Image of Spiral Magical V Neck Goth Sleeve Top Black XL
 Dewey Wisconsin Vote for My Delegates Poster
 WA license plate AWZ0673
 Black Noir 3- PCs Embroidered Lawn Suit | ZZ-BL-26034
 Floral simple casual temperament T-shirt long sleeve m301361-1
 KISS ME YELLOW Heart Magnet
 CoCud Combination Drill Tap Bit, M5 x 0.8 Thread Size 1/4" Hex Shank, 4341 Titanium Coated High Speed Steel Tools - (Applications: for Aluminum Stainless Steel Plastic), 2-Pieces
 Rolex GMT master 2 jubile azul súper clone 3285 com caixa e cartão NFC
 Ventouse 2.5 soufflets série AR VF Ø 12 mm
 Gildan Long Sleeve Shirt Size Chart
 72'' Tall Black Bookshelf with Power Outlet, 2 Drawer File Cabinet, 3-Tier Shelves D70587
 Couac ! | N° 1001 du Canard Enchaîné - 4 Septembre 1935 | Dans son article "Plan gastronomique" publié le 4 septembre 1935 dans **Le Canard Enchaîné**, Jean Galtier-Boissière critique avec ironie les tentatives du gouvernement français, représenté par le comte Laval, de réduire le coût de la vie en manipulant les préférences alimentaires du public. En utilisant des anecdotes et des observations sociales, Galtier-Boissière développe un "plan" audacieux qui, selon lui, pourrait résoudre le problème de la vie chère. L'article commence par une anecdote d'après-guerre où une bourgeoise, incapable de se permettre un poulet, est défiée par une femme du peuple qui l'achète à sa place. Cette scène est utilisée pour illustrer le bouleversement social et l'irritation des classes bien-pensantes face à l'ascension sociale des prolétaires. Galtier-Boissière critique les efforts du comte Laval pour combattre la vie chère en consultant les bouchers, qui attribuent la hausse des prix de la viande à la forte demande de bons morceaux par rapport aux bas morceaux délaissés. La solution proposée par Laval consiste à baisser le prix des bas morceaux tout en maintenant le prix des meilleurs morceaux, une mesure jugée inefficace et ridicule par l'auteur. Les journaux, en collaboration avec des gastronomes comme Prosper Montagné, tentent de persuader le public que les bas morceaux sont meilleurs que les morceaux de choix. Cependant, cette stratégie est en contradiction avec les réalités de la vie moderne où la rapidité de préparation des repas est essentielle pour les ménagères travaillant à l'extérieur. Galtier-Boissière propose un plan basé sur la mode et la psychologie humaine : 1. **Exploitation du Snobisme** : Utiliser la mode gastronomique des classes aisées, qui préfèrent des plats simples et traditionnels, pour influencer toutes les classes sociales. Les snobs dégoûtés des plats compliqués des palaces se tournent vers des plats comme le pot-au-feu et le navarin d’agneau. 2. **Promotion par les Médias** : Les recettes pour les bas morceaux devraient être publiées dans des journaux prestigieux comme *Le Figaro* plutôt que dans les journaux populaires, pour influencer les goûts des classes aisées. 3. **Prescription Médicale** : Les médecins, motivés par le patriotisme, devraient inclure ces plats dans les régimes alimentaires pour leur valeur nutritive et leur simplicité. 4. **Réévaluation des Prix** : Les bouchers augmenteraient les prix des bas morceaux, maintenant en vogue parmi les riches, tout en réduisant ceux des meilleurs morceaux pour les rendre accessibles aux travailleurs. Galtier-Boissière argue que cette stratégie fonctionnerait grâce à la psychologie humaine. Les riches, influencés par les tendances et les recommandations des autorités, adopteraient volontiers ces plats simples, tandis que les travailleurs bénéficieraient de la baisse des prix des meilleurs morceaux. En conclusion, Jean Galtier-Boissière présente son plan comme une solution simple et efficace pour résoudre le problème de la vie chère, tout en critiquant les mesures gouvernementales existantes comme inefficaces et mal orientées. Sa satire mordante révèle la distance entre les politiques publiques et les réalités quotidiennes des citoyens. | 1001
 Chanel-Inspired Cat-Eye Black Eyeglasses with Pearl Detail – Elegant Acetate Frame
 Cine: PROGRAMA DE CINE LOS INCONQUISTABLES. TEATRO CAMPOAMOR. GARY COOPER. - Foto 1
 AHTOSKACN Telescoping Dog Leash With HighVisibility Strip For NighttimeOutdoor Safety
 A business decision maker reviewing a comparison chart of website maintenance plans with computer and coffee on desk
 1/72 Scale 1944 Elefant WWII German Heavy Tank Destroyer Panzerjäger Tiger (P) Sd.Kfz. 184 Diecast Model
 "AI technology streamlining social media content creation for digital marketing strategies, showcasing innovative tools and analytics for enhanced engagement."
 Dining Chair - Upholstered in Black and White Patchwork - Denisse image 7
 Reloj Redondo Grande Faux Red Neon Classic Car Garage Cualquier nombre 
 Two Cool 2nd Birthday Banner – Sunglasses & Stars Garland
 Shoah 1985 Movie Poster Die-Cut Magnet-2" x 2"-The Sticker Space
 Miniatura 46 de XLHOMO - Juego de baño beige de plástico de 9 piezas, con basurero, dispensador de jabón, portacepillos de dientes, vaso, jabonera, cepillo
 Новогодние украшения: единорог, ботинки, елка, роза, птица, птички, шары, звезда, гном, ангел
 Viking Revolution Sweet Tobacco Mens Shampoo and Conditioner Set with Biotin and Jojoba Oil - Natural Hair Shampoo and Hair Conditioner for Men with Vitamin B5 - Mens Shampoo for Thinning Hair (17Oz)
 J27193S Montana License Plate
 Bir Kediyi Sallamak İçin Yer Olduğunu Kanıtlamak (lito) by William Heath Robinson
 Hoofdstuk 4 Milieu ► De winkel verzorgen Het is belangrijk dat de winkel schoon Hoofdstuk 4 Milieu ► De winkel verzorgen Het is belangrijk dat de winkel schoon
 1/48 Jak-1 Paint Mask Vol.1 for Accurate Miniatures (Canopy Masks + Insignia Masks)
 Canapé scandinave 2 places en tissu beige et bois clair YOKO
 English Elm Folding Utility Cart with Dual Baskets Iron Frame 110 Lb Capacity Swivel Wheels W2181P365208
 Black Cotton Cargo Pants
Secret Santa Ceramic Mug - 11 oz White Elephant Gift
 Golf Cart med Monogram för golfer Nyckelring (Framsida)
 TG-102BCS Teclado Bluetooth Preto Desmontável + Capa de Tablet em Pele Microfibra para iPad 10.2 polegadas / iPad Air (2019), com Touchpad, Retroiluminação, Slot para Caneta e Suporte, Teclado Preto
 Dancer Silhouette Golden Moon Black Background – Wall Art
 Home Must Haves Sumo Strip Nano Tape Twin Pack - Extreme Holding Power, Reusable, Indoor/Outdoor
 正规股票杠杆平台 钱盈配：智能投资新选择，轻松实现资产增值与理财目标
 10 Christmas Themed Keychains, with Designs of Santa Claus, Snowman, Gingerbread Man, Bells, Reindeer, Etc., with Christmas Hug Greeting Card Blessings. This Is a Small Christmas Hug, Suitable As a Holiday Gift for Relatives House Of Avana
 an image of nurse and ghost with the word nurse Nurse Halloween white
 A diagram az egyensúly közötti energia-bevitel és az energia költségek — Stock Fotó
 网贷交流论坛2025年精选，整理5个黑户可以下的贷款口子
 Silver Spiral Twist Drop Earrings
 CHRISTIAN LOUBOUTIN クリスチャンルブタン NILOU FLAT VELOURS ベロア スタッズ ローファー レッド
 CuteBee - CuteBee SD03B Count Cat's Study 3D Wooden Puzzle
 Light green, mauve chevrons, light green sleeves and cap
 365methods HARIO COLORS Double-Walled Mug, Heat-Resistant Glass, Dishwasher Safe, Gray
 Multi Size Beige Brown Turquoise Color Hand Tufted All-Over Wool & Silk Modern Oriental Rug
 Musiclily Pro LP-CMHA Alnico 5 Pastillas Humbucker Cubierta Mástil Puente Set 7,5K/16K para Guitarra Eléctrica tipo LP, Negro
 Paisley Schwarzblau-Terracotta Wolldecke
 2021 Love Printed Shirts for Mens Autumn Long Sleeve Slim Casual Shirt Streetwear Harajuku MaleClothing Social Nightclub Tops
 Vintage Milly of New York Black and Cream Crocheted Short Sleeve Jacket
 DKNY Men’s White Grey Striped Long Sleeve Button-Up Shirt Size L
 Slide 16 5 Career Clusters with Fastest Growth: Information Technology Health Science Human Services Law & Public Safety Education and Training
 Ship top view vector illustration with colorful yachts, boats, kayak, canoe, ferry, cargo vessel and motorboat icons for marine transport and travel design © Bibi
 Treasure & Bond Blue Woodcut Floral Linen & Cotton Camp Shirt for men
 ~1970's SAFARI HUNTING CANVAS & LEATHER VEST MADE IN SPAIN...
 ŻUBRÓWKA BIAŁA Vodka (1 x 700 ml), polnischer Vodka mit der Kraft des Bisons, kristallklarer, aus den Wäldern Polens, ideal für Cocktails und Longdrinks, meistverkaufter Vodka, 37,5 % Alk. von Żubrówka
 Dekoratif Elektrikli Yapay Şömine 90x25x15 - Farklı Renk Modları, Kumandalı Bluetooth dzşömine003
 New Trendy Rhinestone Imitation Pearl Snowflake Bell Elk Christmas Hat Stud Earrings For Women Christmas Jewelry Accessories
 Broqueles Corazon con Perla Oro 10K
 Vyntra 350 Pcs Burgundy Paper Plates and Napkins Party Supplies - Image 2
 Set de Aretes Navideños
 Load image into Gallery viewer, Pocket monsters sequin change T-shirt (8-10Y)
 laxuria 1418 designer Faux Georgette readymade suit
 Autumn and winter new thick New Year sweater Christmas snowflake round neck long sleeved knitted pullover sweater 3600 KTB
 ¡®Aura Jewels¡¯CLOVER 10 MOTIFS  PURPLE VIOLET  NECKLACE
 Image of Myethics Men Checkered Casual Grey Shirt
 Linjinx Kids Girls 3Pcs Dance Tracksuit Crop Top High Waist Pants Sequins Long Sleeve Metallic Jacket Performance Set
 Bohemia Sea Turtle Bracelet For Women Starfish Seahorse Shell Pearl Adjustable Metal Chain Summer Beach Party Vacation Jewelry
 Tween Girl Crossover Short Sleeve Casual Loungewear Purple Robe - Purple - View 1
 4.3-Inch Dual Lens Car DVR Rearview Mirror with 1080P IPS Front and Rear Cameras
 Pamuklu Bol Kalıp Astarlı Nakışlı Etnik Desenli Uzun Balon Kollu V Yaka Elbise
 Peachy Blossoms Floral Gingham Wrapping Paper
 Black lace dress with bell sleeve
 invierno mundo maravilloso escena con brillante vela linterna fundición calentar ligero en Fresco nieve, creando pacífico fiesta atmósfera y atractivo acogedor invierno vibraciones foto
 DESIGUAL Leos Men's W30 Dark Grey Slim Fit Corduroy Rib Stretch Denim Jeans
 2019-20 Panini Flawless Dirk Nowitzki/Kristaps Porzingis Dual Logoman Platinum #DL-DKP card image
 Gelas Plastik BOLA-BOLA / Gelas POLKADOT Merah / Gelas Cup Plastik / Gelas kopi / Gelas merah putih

## [Task details]
A complete answer lists every line of the listing above that holds the word "Cotton".

## [Task answer]
 Black Cotton Cargo Pants
 Treasure & Bond Blue Woodcut Floral Linen & Cotton Camp Shirt for men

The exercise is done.